- _WHAT YOU SHOULD DO_:
Give back the whole listing exactly as written, leaving out each picture.

- _DATASET CONTENT_:
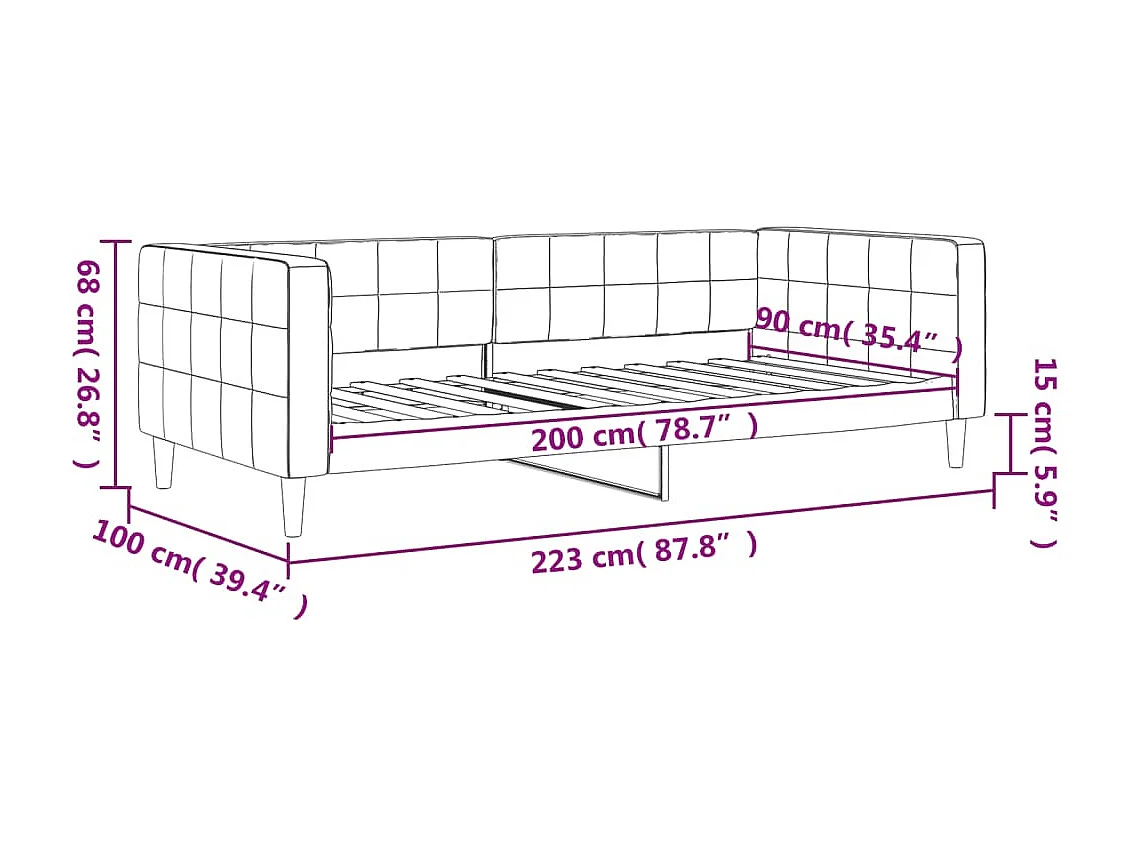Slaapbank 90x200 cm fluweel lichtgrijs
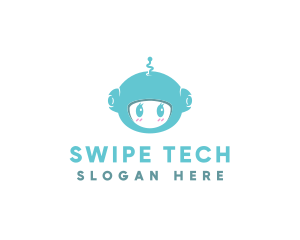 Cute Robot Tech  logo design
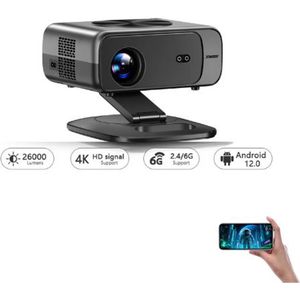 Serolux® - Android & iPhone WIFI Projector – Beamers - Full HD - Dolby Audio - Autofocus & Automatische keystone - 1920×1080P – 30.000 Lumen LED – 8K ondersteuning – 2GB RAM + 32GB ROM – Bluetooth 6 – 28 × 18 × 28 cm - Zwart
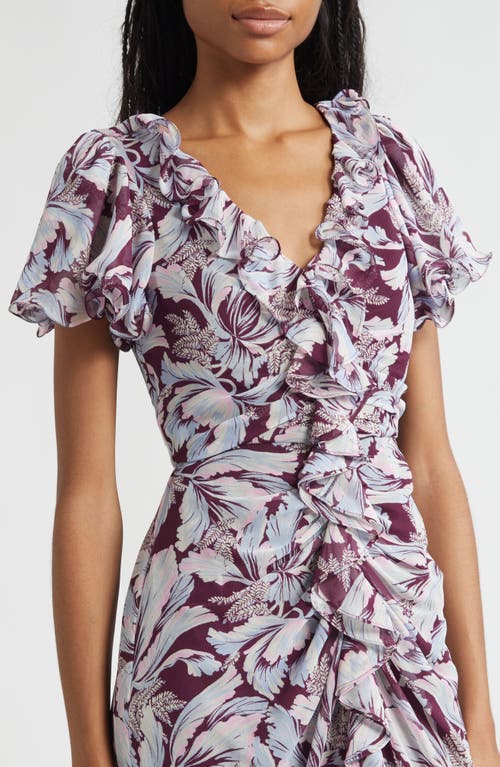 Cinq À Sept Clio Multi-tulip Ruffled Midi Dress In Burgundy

- _EXERCISE RESULT_:
Slaapbank 90x200 cm fluweel lichtgrijs
 Cute Robot Tech  logo design
 Serolux® - Android & iPhone WIFI Projector – Beamers - Full HD - Dolby Audio - Autofocus & Automatische keystone - 1920×1080P – 30.000 Lumen LED – 8K ondersteuning – 2GB RAM + 32GB ROM – Bluetooth 6 – 28 × 18 × 28 cm - Zwart
 Cinq À Sept Clio Multi-tulip Ruffled Midi Dress In Burgundy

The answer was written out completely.